What is needed = Would it be possible to output exactly, and only, the lines below from the one holding "Карбонов Електрически Велосипед" to the last line, both included, with every picture left out?

---- Collected data

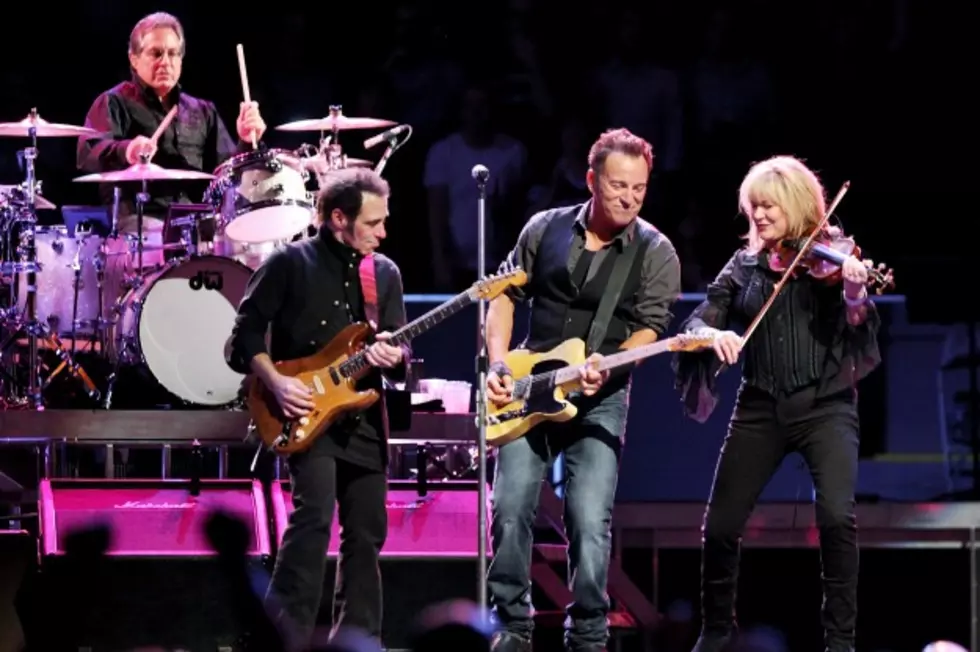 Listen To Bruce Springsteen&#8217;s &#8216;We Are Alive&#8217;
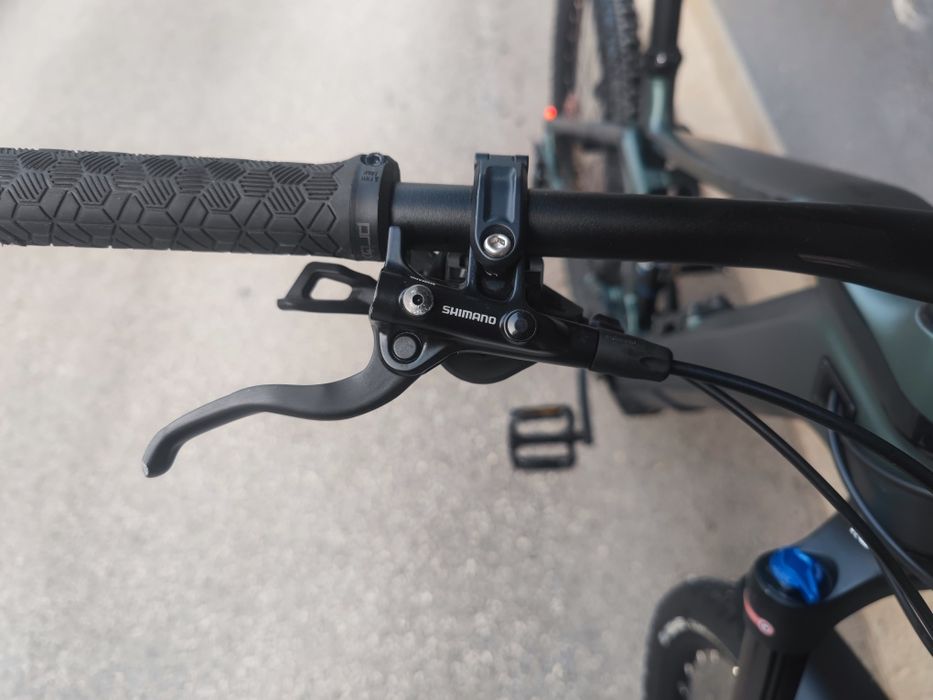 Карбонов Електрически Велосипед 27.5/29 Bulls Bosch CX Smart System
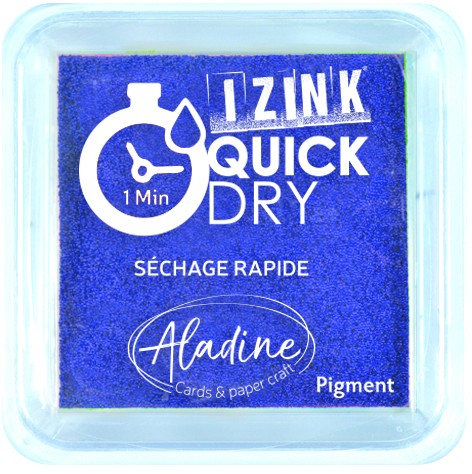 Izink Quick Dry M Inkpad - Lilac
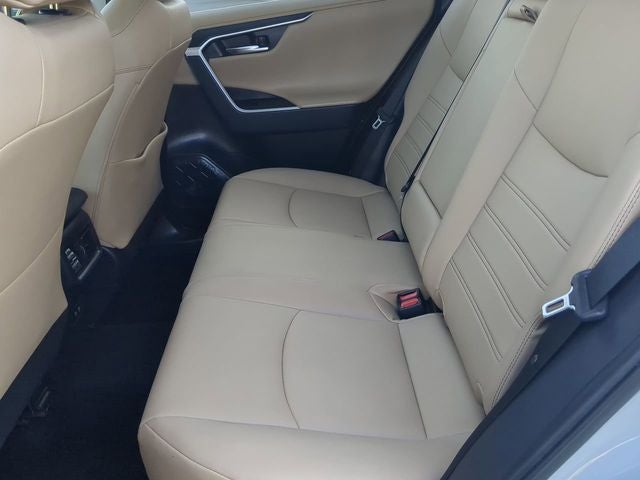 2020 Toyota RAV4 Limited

--------

Answer below =
 Карбонов Електрически Велосипед 27.5/29 Bulls Bosch CX Smart System
 Izink Quick Dry M Inkpad - Lilac
 2020 Toyota RAV4 Limited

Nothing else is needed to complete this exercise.